A 45-year-old woman who recently decided to quit straightening commented: “When you quit straightening, you feel free, you break the chain that you used to carry in your head before.” To quit straightening is an affirmation, a symbolic act of going over to the other faction—the faction of the maroons. That is why it is interpreted as an act of rebelliousness and, in the case of women, it is double rebelliousness, because these two oppressions go together. Many women confess that they anxiously wait for the day to have their hair straightened, because they will then be beautiful and will be able to enjoy, for a few days, what they feel has been denied to them. At the same time they recognize themselves as nonwhites who can be exposed at any time, when the roots begin to grow and be noticed, when it rains or when they get wet.

According to Naomi Wolf, the beauty myth is a political weapon used to exert control over women. The valuing of what is and what is not beautiful is an instrument of control, of disqualification and delegitimation. This operates in Caribbean women, Dominican or otherwise, in a singular manner. It’s all about the hair, precisely because it is one of the traits that women can change and alter.

To decide not to straighten one’s hair is to be unkempt. Not straightening is a disqualification in which the beauty myth plays a role, and in which the reduction of women’s humanity to their physical, culturally accepted traits is evident.
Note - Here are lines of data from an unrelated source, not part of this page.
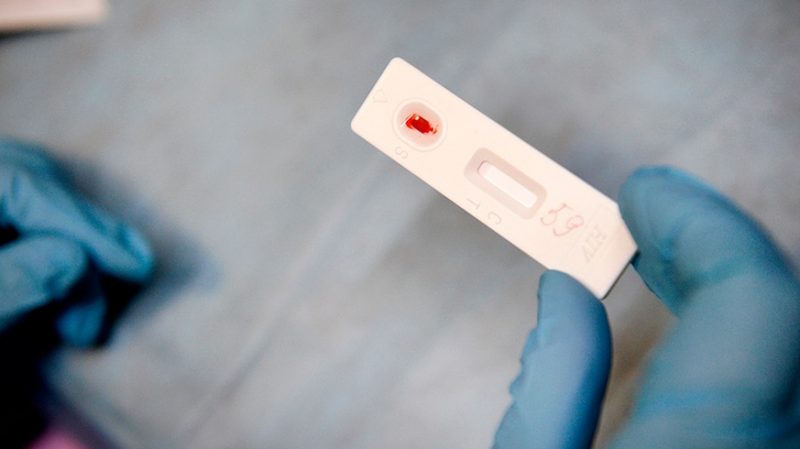 Египет выдворяет иностранцев с диагнозом ВИЧ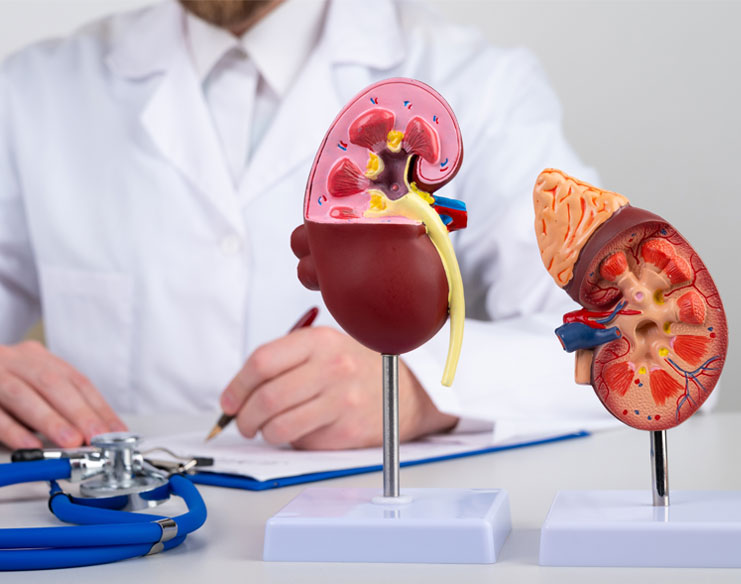 How Are Kidney Stones Diagnosed?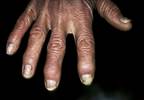 Secukinumab Provides Sustained Remission for Psoriatic Arthritis in Post Hoc Analysis Secukinumab Provides Sustained Remission for Psoriatic Arthritis in Post Hoc Analysis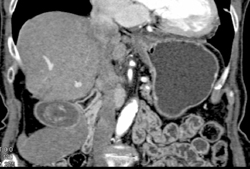 Av Shunt Plus Large Gallstones - CTisus CT Scan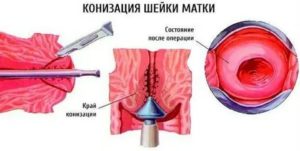 Конизация шейки матки стоимость в онкологии донецкой области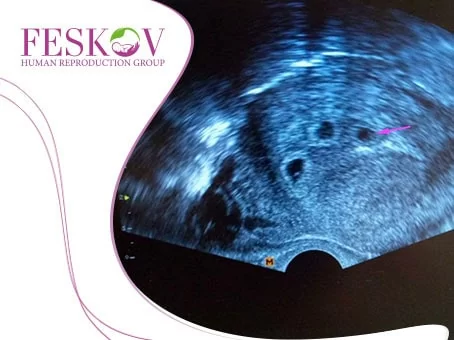 Triplets and Twins: The Likelihood of Multiple Births During Surrogacy foto Triplets and Twins: The Likelihood of Multiple Births During Surrogacy picture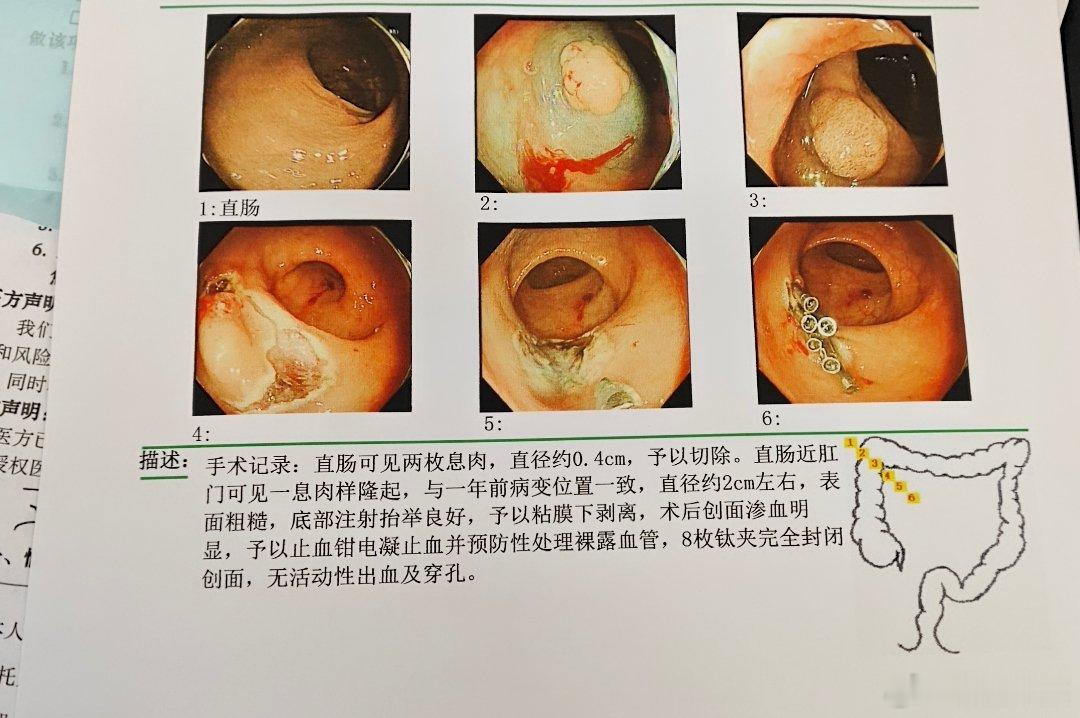 同一个部位，去年还是白白的一层，若隐若现，今年就长到很大一块了。 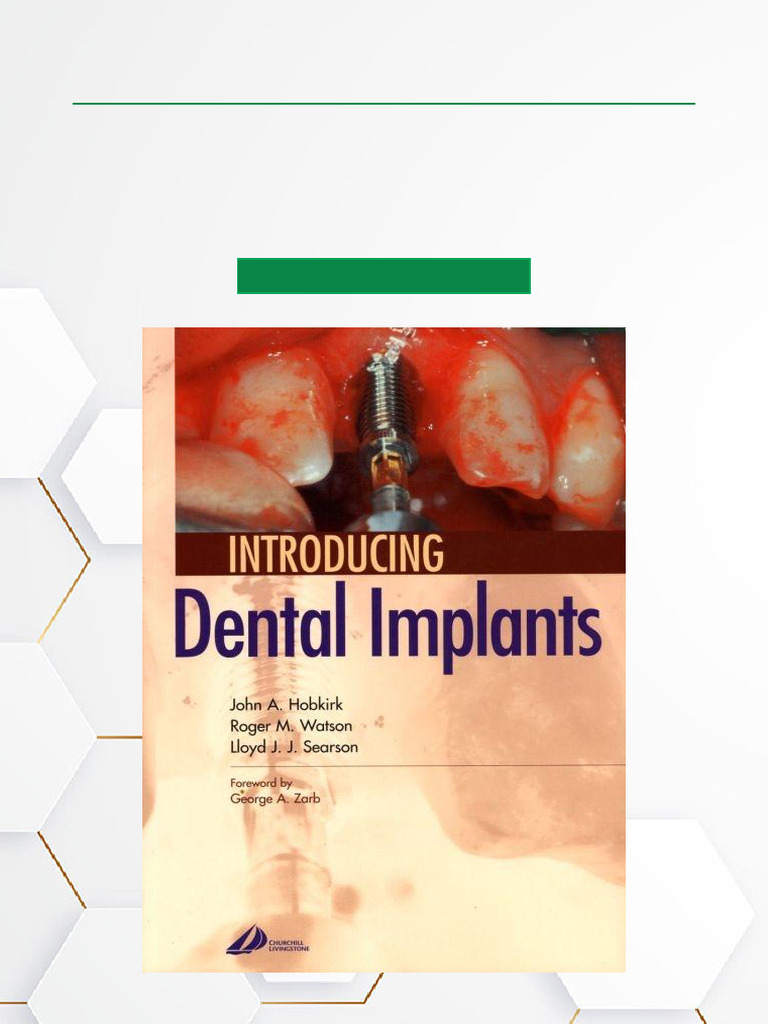 Download Introducing Dental Implants | PDF | Dental Implant | Human Tooth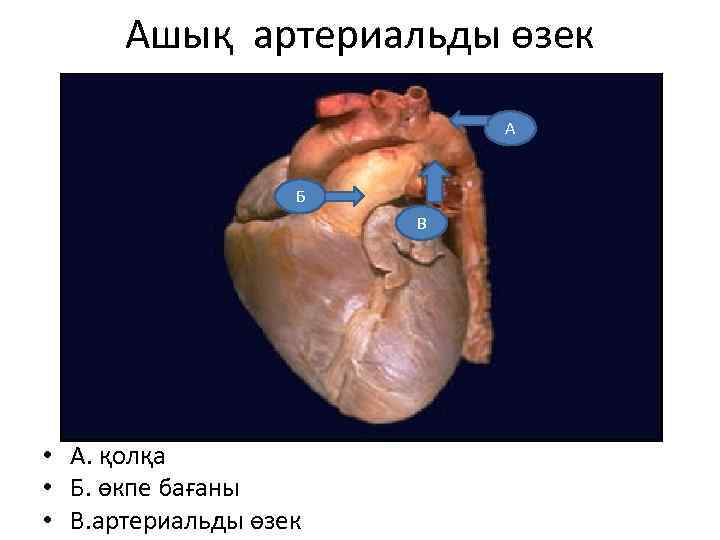 Ашық артериальды өзек А Б В • А. қолқа • Б. өкпе бағаны •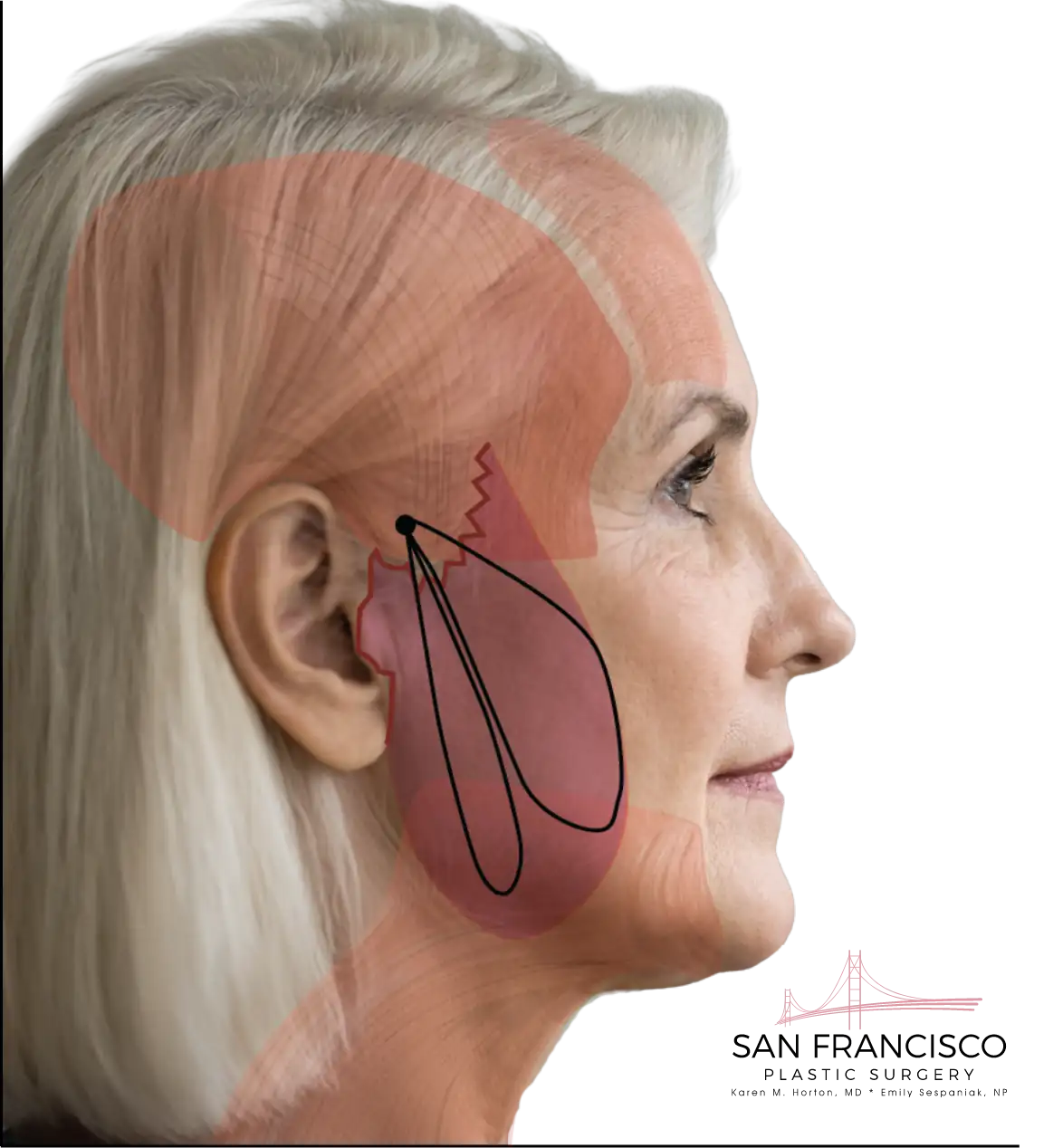 MACS facelift diagram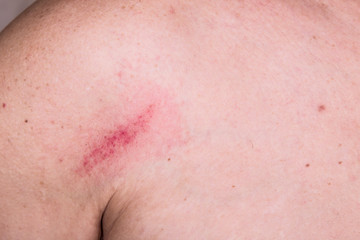 Minor bruise on skin between shoulder and chest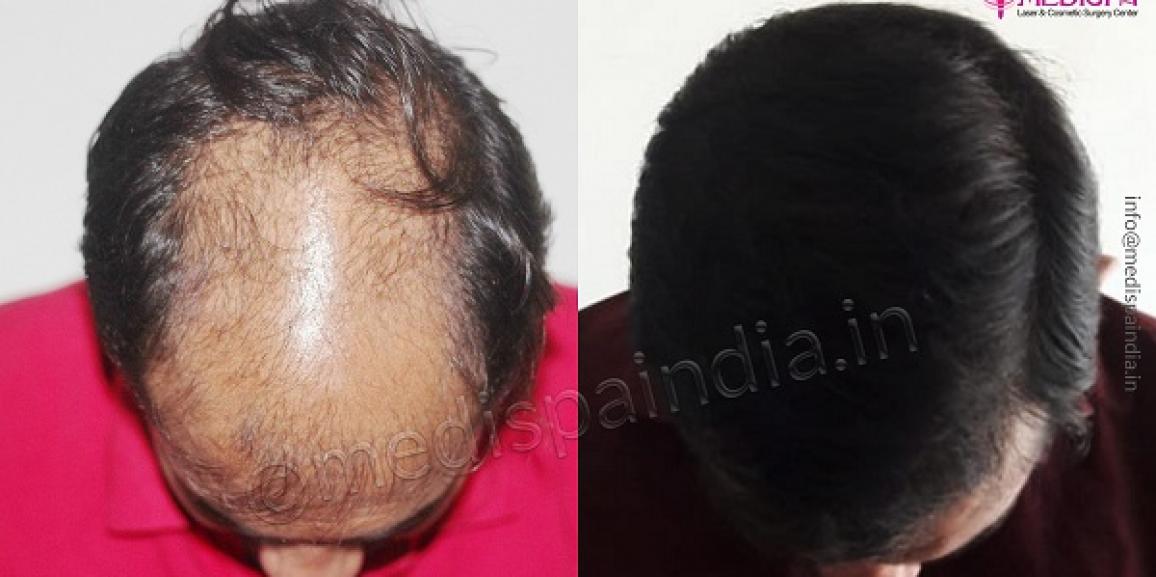 Is It Effective To Have Hair Transplant On Crown Area Of Scalp?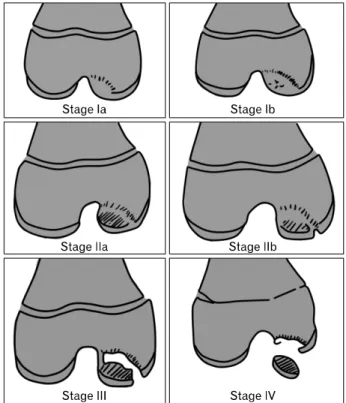 Fig. 1. This illustration shows Bedouelle’s radiologic clas- clas-sification  (Data  from  Hayan  et  al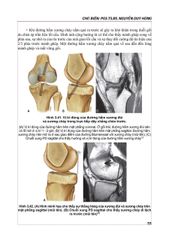 Cộng Hưởng Từ Khớp Gối - PGS.TS.BS Nguyễn Huy Hùng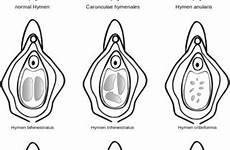 hymen tissue visual introitus suggests consistent representation configurations source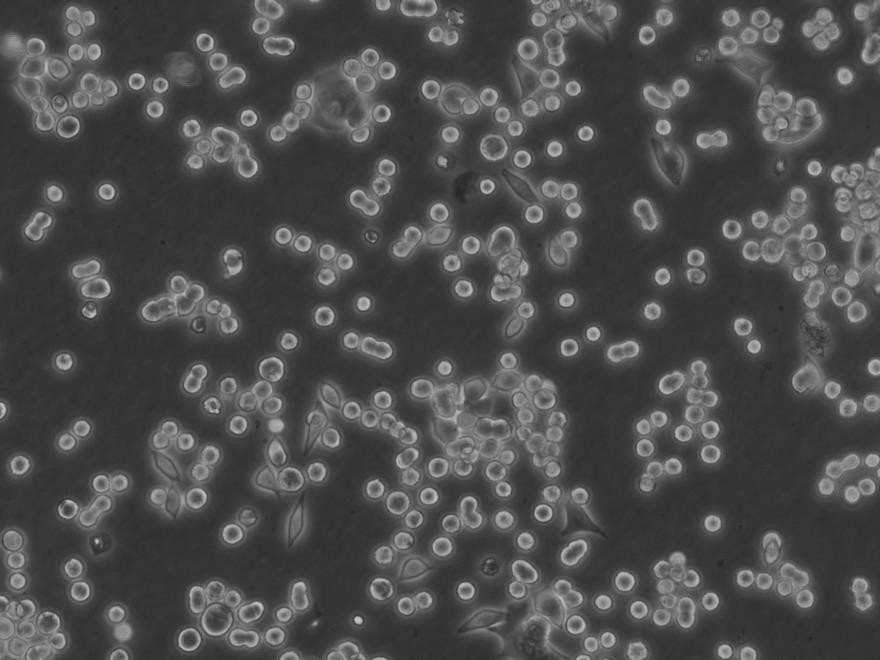 T24 Cell膀胱移行细胞癌传代培养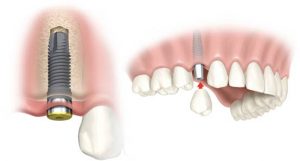 "Dental-Implant-Murah-di-Jakarta"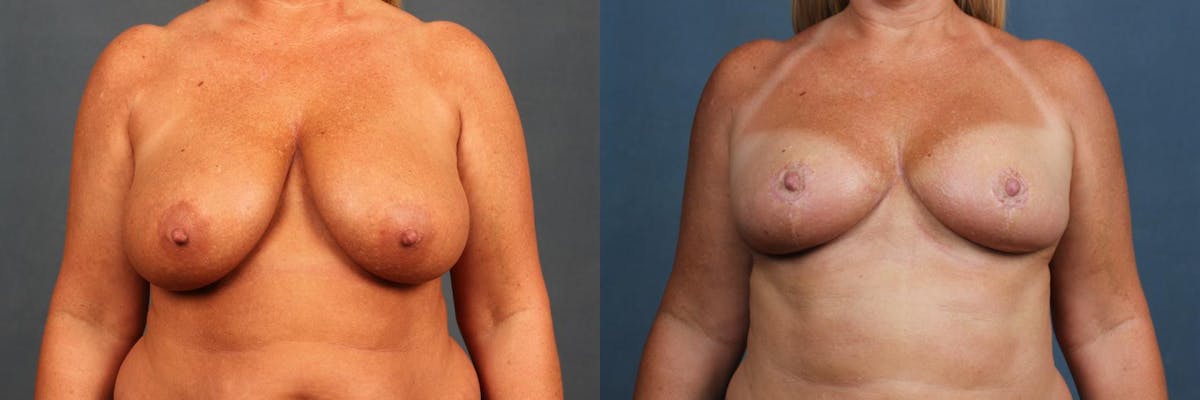 Lift Before & After Gallery - Patient 419640 - Image 1
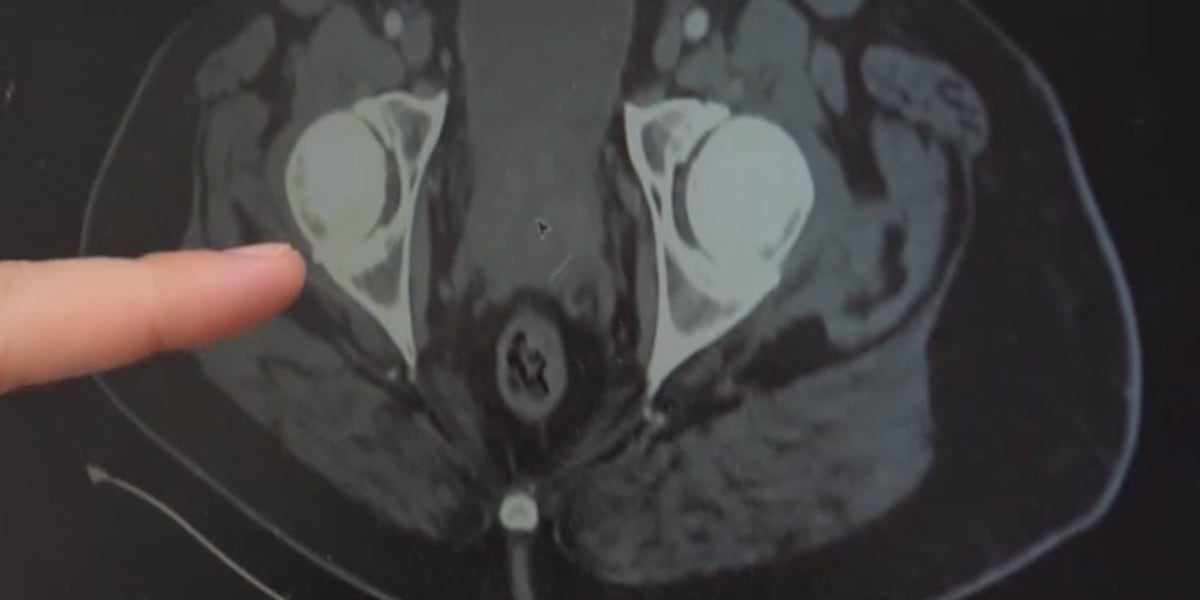 MU Health Care new laser surgery corrects enlarged prostates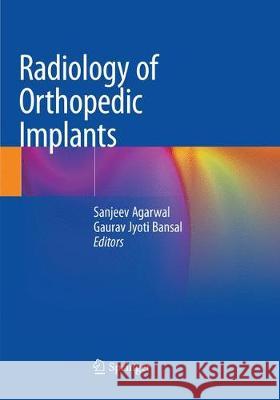 Radiology of Orthopedic Implants Sanjeev Agarwal Gaurav Jyoti Bansal 9783030093785 Springer - książka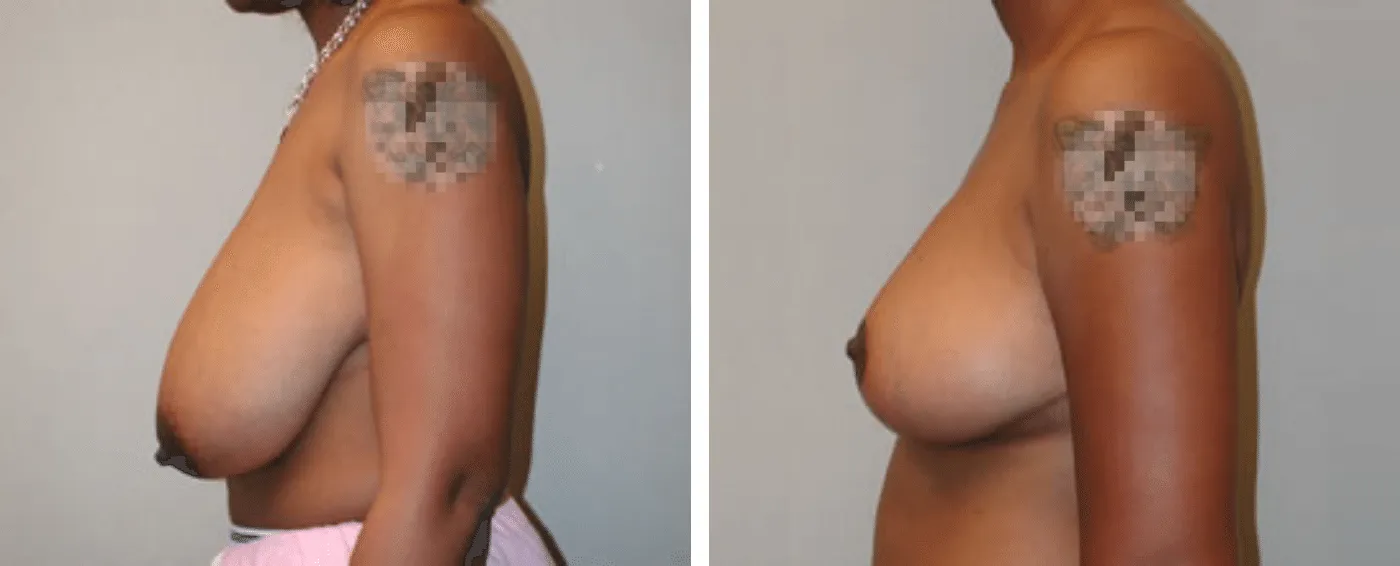 Breast Reduction C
In order to find a job and/or acceptance in social circles, circles that in some manner exert authoritarian control, women need to show their submission and acceptance. Straightening one’s hair becomes a survival strategy. For a poor, black woman, adding an element of confrontation and challenge goes against her in a society dominated by men and by authoritarian structures of power. In a society where the poor face serious obstacles and social insecurity, defiance can turn out to be expensive.

Power relations shape everyday life. In the “social,” the “natural” is not so. And that characterization of what is good hair and bad hair expresses, in Dominican society, more than the legacy of slavery. It expresses the ways in which racism is reproduced on a daily basis. It is amazing that the majority of women were willing to receive my questions because: Is that not the way things are?

ABOUT THE AUTHOR
Casandra Badillo is a graduate student in anthropology at the Graduate Faculty of the New School for Social Research. This article was excerpted from “When Black is not Beautiful” in The Janey Program in Latin American Studies Newsletter (Fall 1996) and is part of an ongoing research project.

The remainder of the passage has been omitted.